That was no accident... It's a tiny change for Don, but a change nonetheless. So I see the ending as a positive for him--not that he becomes perfect husband/dad/friend/employee, but that he figures out something about himself. However, the Coke ad, as I said,...while it might be a major professional accomplishment, for all its feel-good world-peace vibe, is still pushing poison--while Don may come to see that is is "ok" from the roadside billboard, advertising hasn't changed from the old Lucky Strike days. Just like in those days, where they were trying to advertise around the science, so are sodas today. Weiner gave us change even as nothing changes. Which is the world we live in--human nature remains a constant even as a few individuals may see the light.

Don's sitting there in the lotus position on that bluff overlooking the Pacific, aligning his vibrations with those of the universe, and then the cut to the (actual) Coca-Cola commercial from around that time ("I'd like to teach the world to sing in perfect harmony") was the writer's way of saying "it's all what you want to believe." Chanting "om," in and of itself, is no likelier to bring about peace and harmony than drinking Coca-Cola will. Advertising, as Don Draper would tell you, is all about establishing a mood. So is chanting a mantra. Or saying a prayer. Or immersing oneself in a good story.
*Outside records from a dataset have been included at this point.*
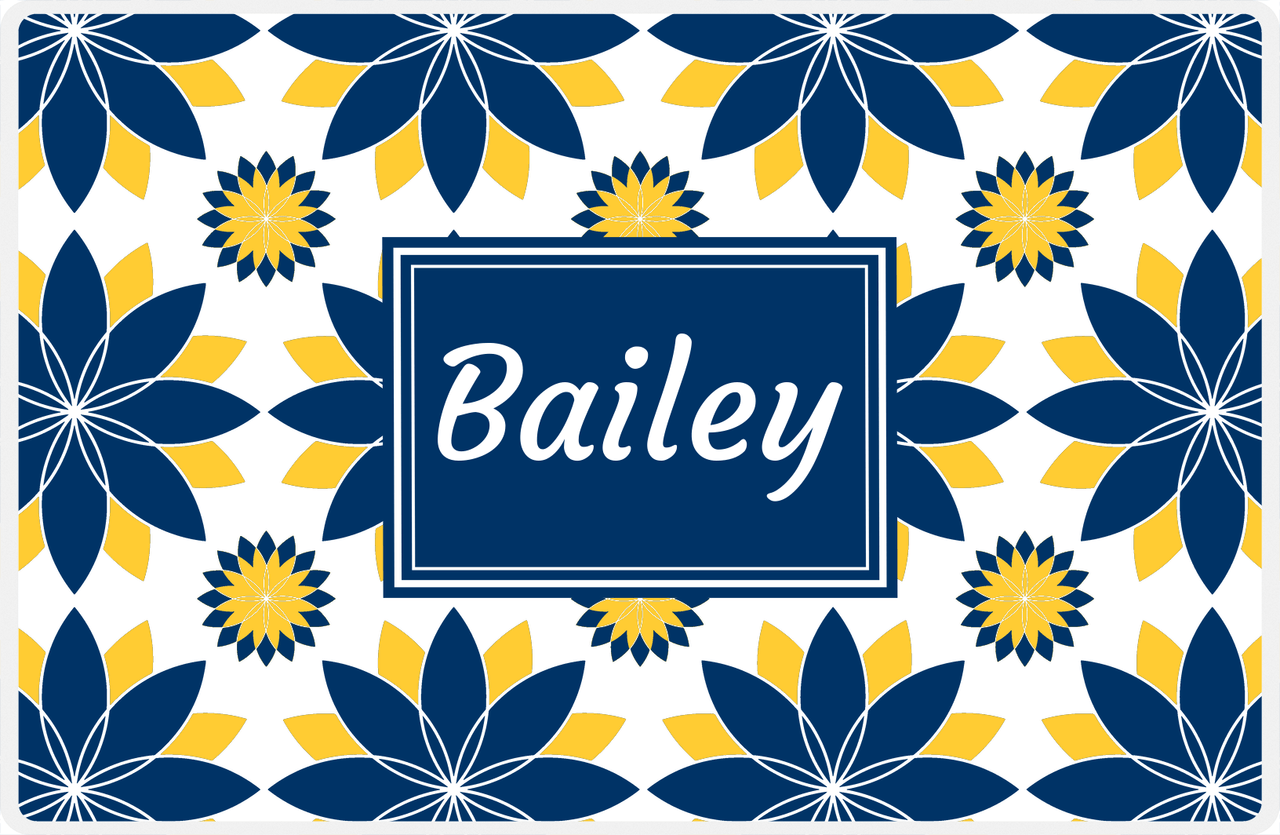 Personalized Flower Burst Placemat - Navy and Mustard - Navy Rectangle Frame -  View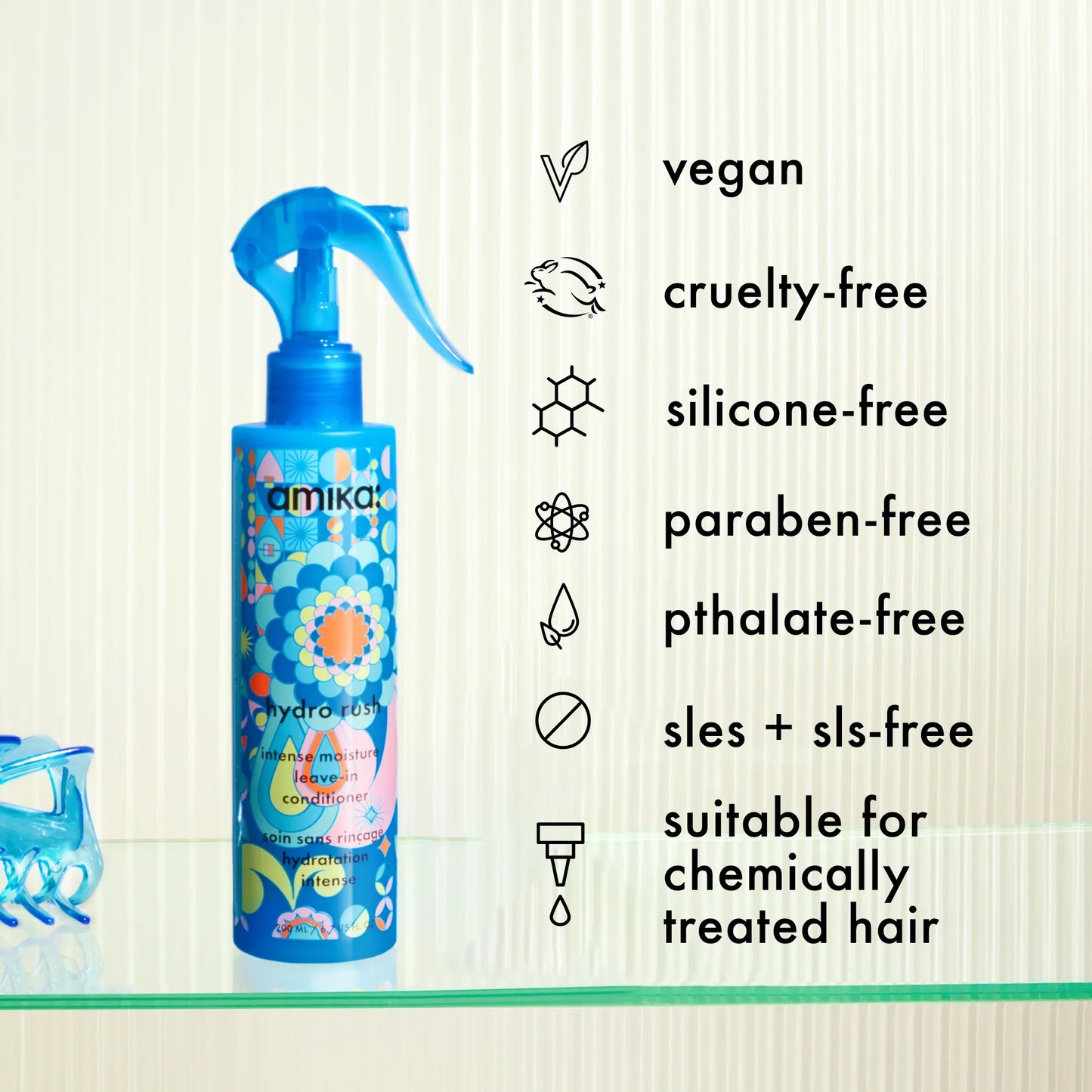 AMIKA Hydro Rush Intense Moisture Leave-In Conditioner benefits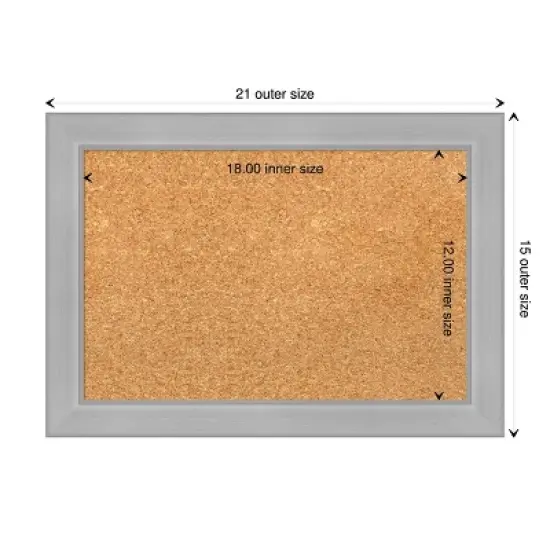 Amanti Art Vista Brushed Nickel Narrow Framed Corkboard, Natural Cork image {3}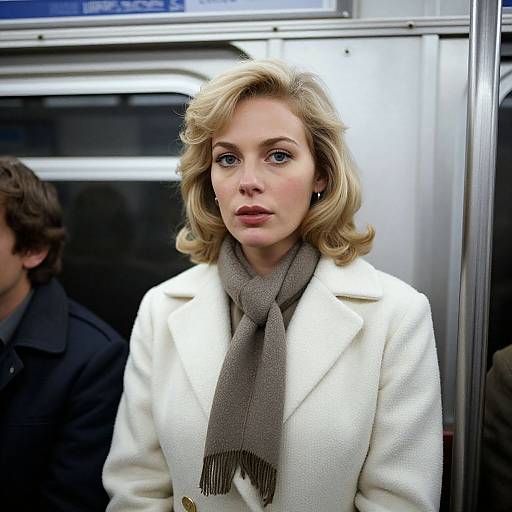Photograph of a blonde woman with wavy hair, wearing a white coat and gray scarf, looking serious in a subway car.
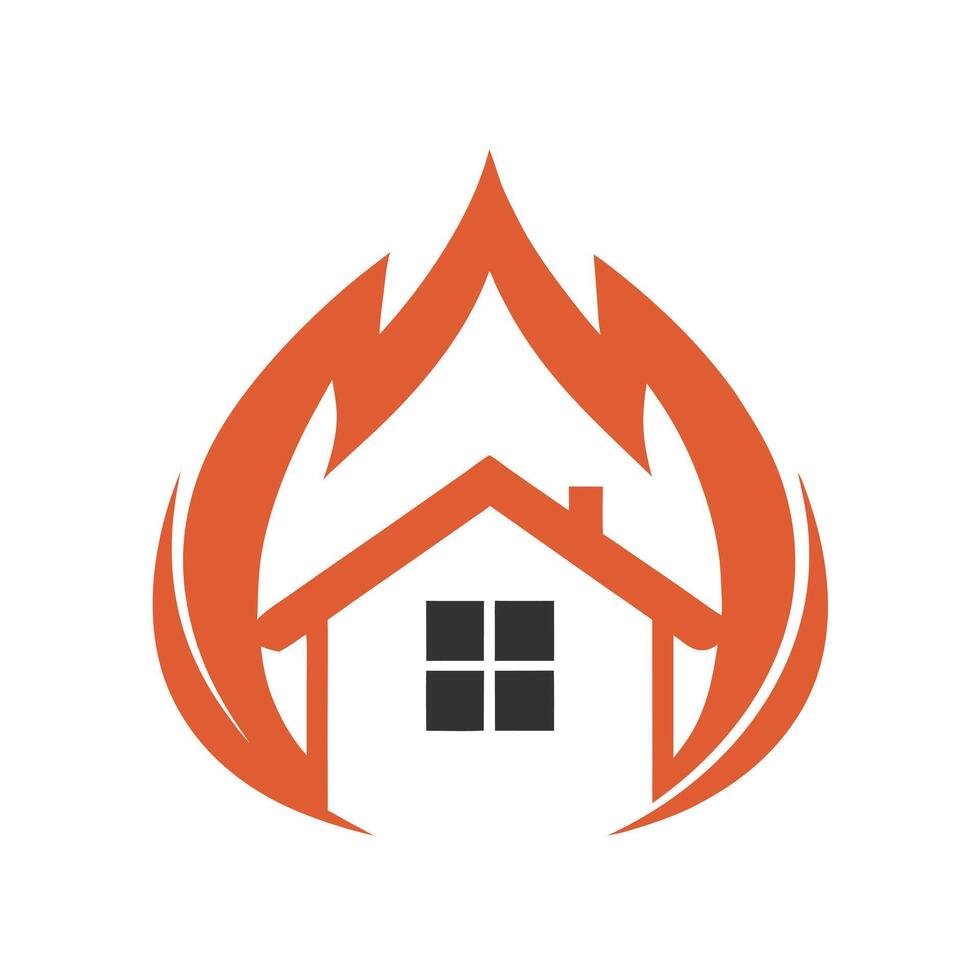 Orange Flame House Logo Design Simple Home Icon fire 1 vector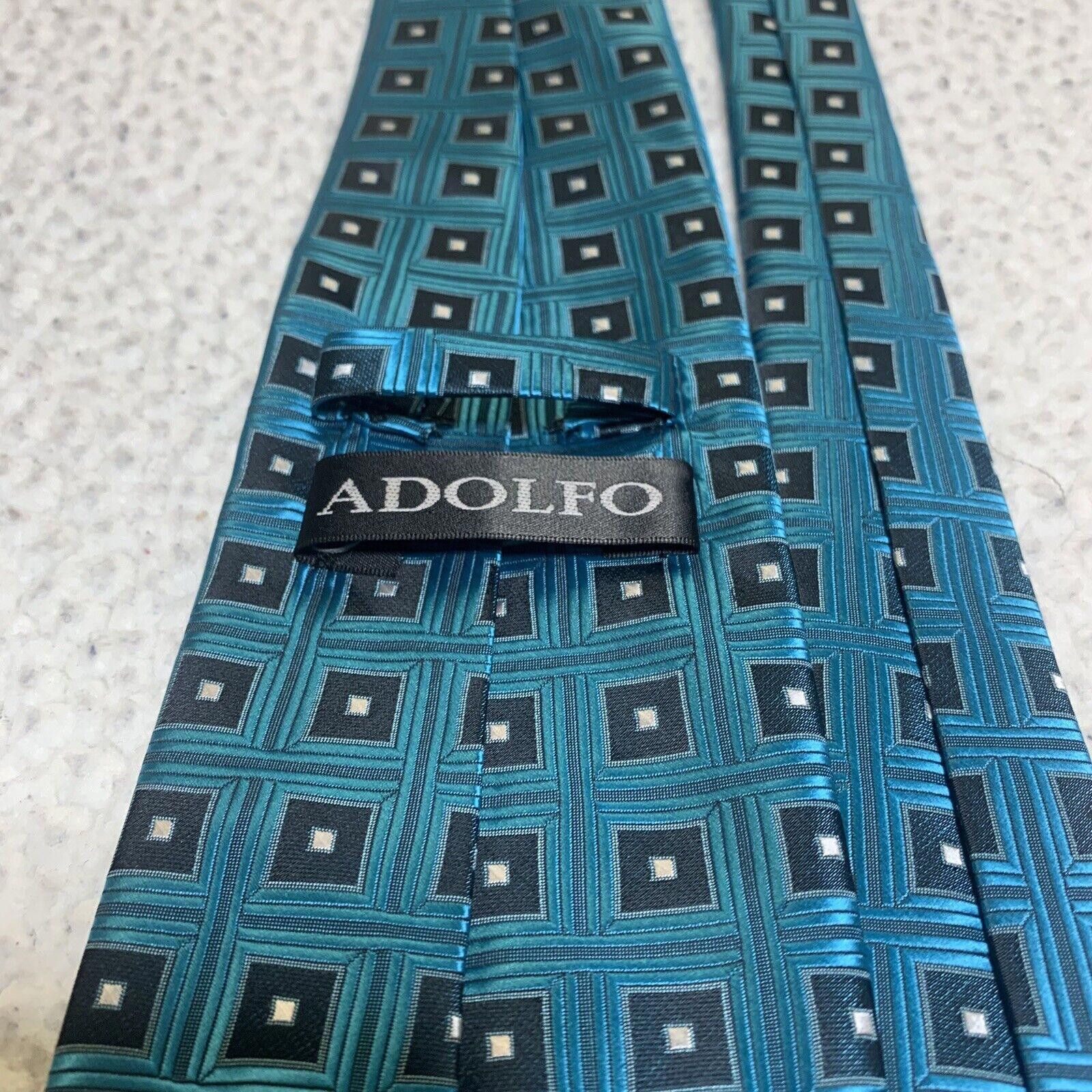 Adolfo Dominguez Adolfo Men's Formal Tie Classic Size Turquoise and Black Size ONE SIZE - 3 Thumbnail
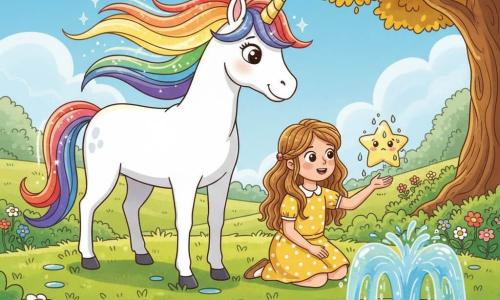 Een witte eenhoorn genaamd Luna met een glanzende regenboogmanen en een fonkelende gouden hoorn helpt een kleine ster op te stijgen; ze heeft een zachte, zelfverzekerde blik, hoefjes op het natte gras en een beschermende houding naar het meisje en de ster. Het meisje Lila, ongeveer 6 jaar, met golvend lichtbruin haar en een gele jurk met witte stippen, knielt bij een fontein en reikt vriendelijk naar de ster. De kleine gevallen ster is bleekgeel met roze wangetjes, nat van druppels en van angst naar moedig veranderd, en zweeft net boven Lila’s hand. De scène speelt in een betoverde vallei onder altijd blauwe lucht, met bloemrijke weiden, zacht groen gras en een grote boom met gouden bladeren op de achtergrond; centraal een kristallen fontein die licht weerkaatst in diamanten vonkjes. Warm goudkleurig licht, magische veilige sfeer, levendige contrastrijke kleuren, zachte schaduwen, strak vectorstijl simpel en kindvriendelijk. Compositie: eenhoorn links, meisje in het midden bij de fontein, ster stijgend rechtsboven, hemel bezaaid met verzamelde kleine sterren.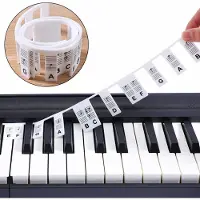 INF Avtakbare note-etiketter til piano og keyboard, 61 tangenter Flerfarget White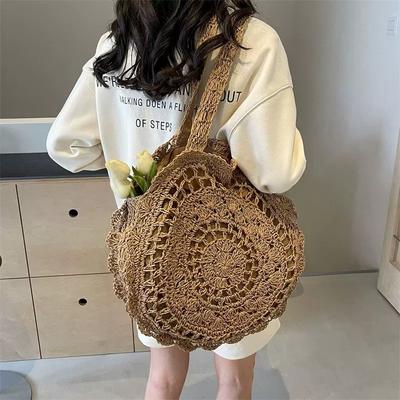 Paper Rope Straw Bag Hand-woven Bag Large Capacity Flower Tote Bag Women's Seaside Vacation Shoulder Beach Bag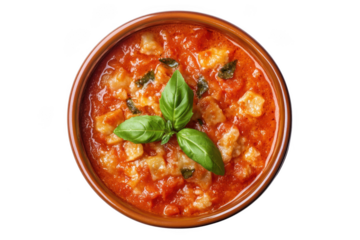 Delicious pappa al pomodoro tuscan tomato bread soup with basil in bowl, italian cuisine, vegan dish, food photography isolated on transparent background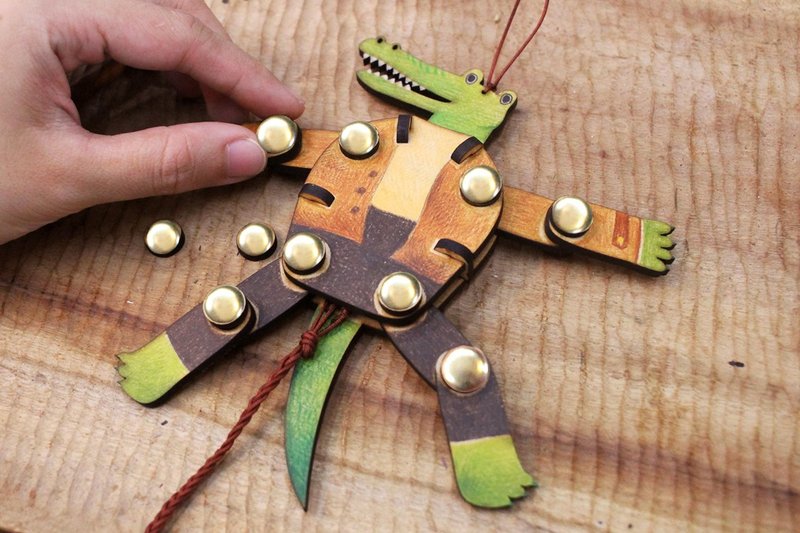 机关玩具 - 拉线玩偶Puppet材料包 - 玩具/玩偶 - 木头 多色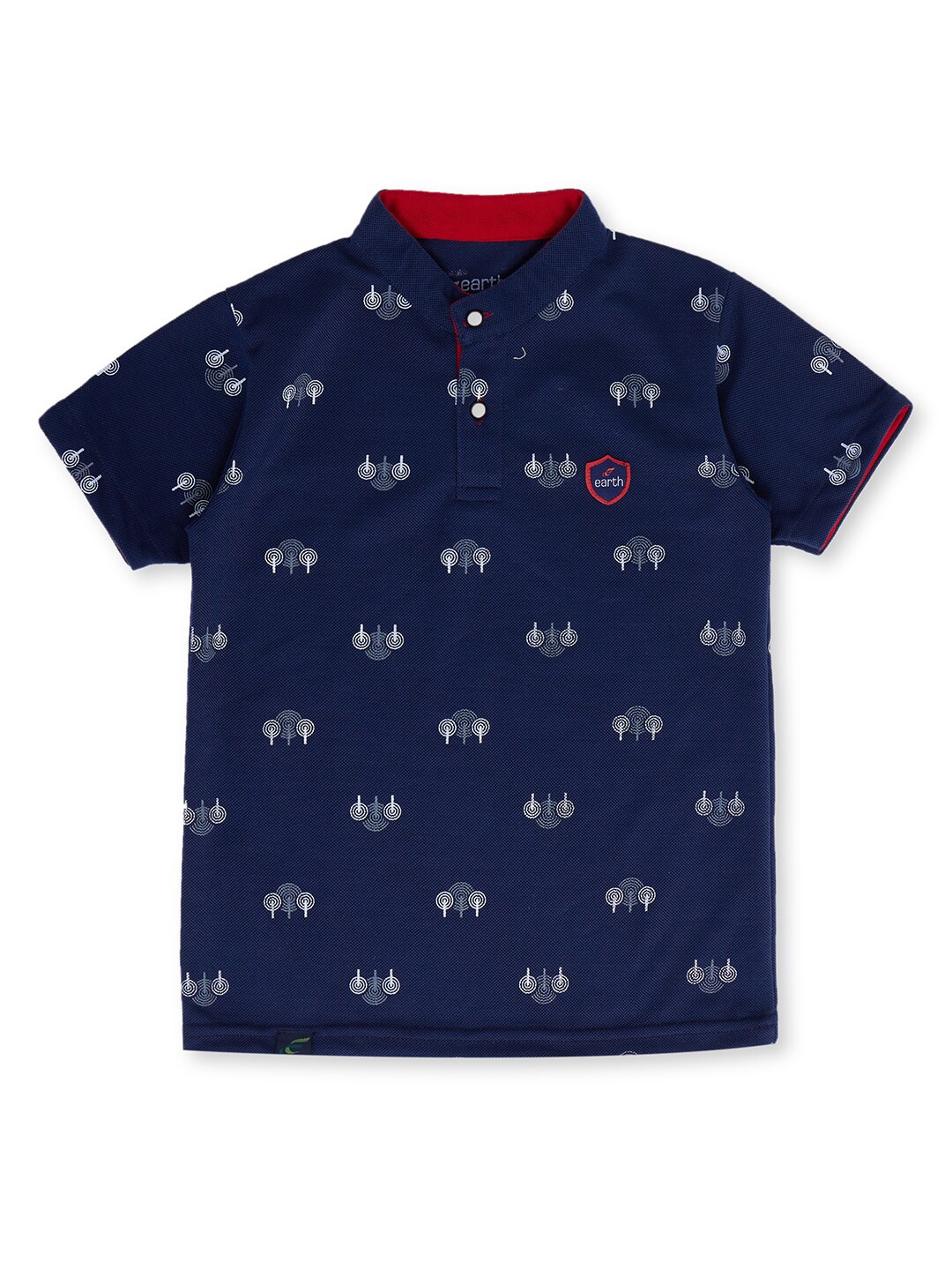 

earth conscious Boys Navy Blue Printed Polo Collar Pure Cotton T-shirt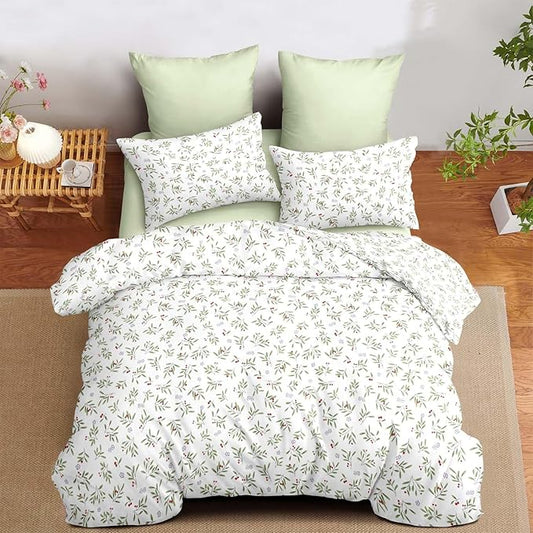 Nayoroom Floral Comforter Set Queen Size Green Botanical Leaf Spring Bedding Set 3 Pieces Soft Lightweight Aesthetic Garden Comforter for All Seasons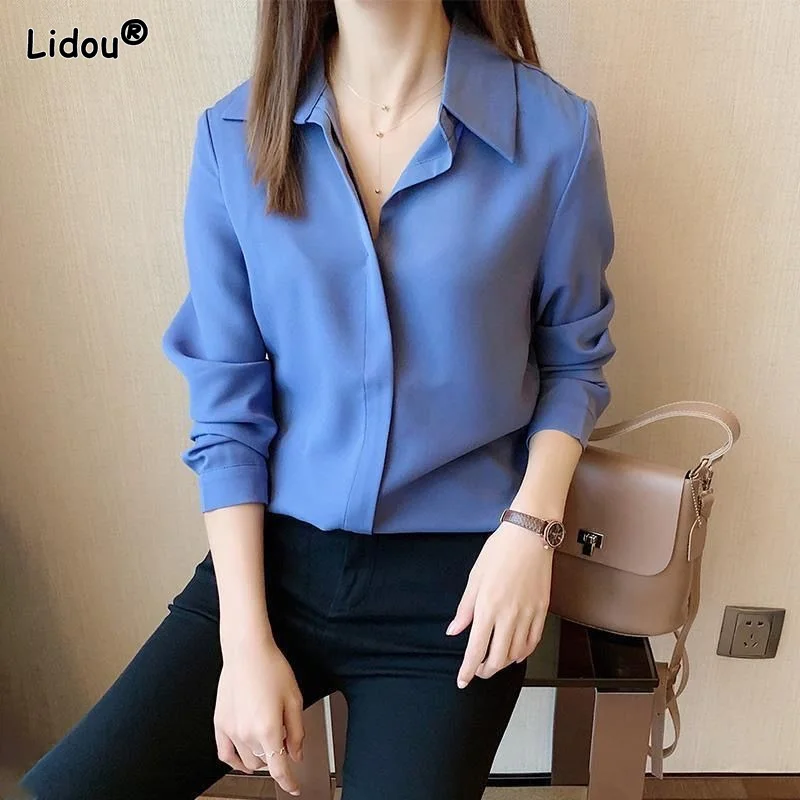 Office Lady Thin Chiffon Single Breasted Fashion Woman Blouses 2022 Polo-Neck Solid Spring Autumn Women's Clothing Capable Neat
Office Lady Thin Chiffon Single Breasted Fashion Woman Blouses 2022 Polo-Neck Solid Spring Autumn Women's Clothing Capable Neat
Many are the discussions chewing over whether the writers wished to leave viewers thinking it was Don (or Peggy, or?) who wrote the Coca-Cola commercial. The "point" of running the actual Coca-Cola commercial immediately after showing Don chanting "om" isn't dependent on who wrote the commercial. The point, I believe, is that it's all showbiz. Advertising, religion, popular entertainments, "self-improvement," whatever. Maybe it's not quite entirely about how it makes people feel, but that's certainly a big part of it. It would be a show without an audience if not for that appeal to emotion.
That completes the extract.